One winter the people at a certain place on Copper river were left with nothing to eat and began dying off. About the middle of that winter all of the children and some of the adults were dead, and only about half of the former population remained. When only eight men were left they said to one another, "Let us leave. Let us walk down this side of the river." So they started off down the bank, and, after a long time, one of them died of cold. They buried a him and went on. By and by another froze to death and was also buried. This kept on until there were only four. One day three of the remainder succumbed in succession, the last at evening, leaving but one man from all that village. This man was very sickly looking, but he felt strong, and when his last companion fell, he left him lying there and went on rapidly.
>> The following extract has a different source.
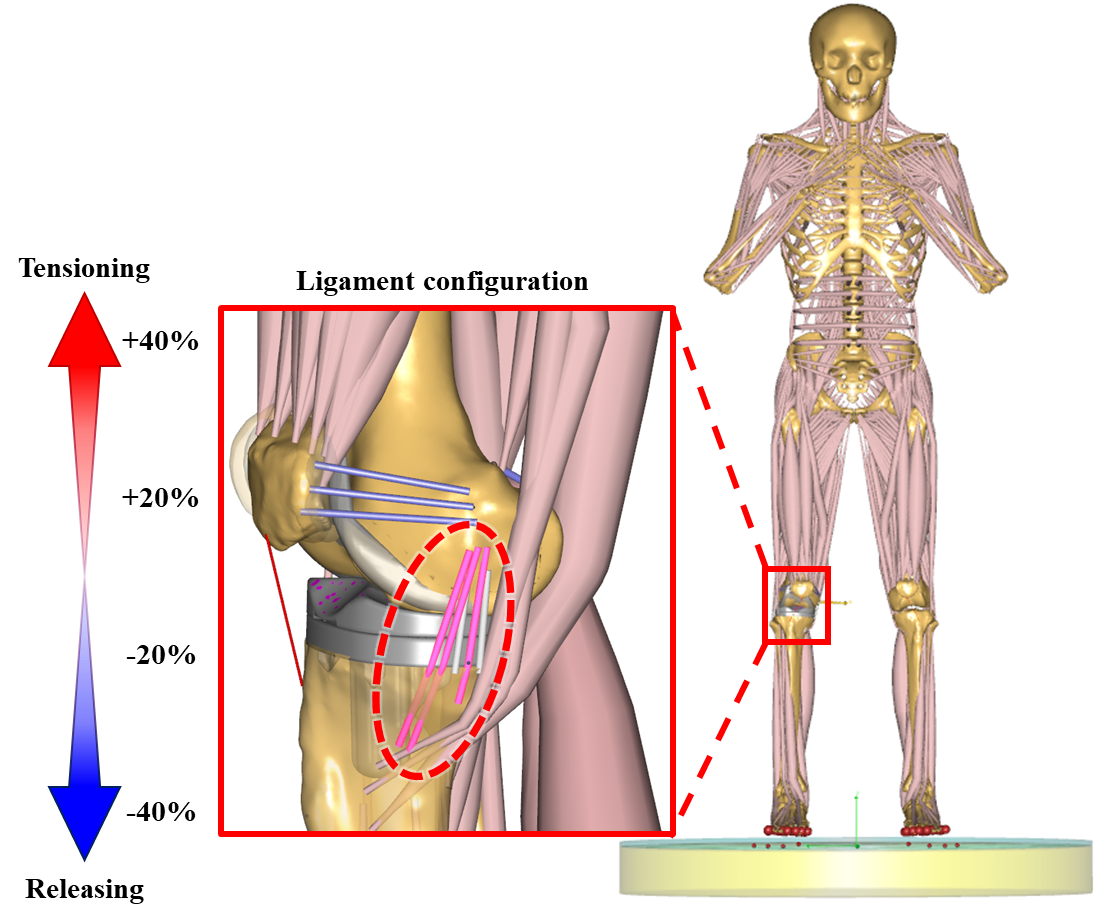 Impacts of ligament stiffness adjustment on knee joint mechanics in mechanically aligned PS-TKA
He thought he would drop with grief, however, at the loss of his last comrade.
As he was going on quite late in the evening he suddenly heard some one shout right ahead of him. He followed the voice, which kept on calling continually. Finally he came to a great fire and stood near it to warm himself. It was that that had been calling him.
When the man had become thoroughly warmed he was about to start on again. Suddenly, however, he heard the bushes breaking behind him, and, looking back, he saw all the men who had frozen to death and all of the village people standing around the fire. This fire is called Self-burning Fire (WAyî'k! gA'nî), and it was that that had brought all of those people to life. From that time on they were able to get their food very easily at the mouth of the river.
186:a The words of the narrator, but corpses were usually burned.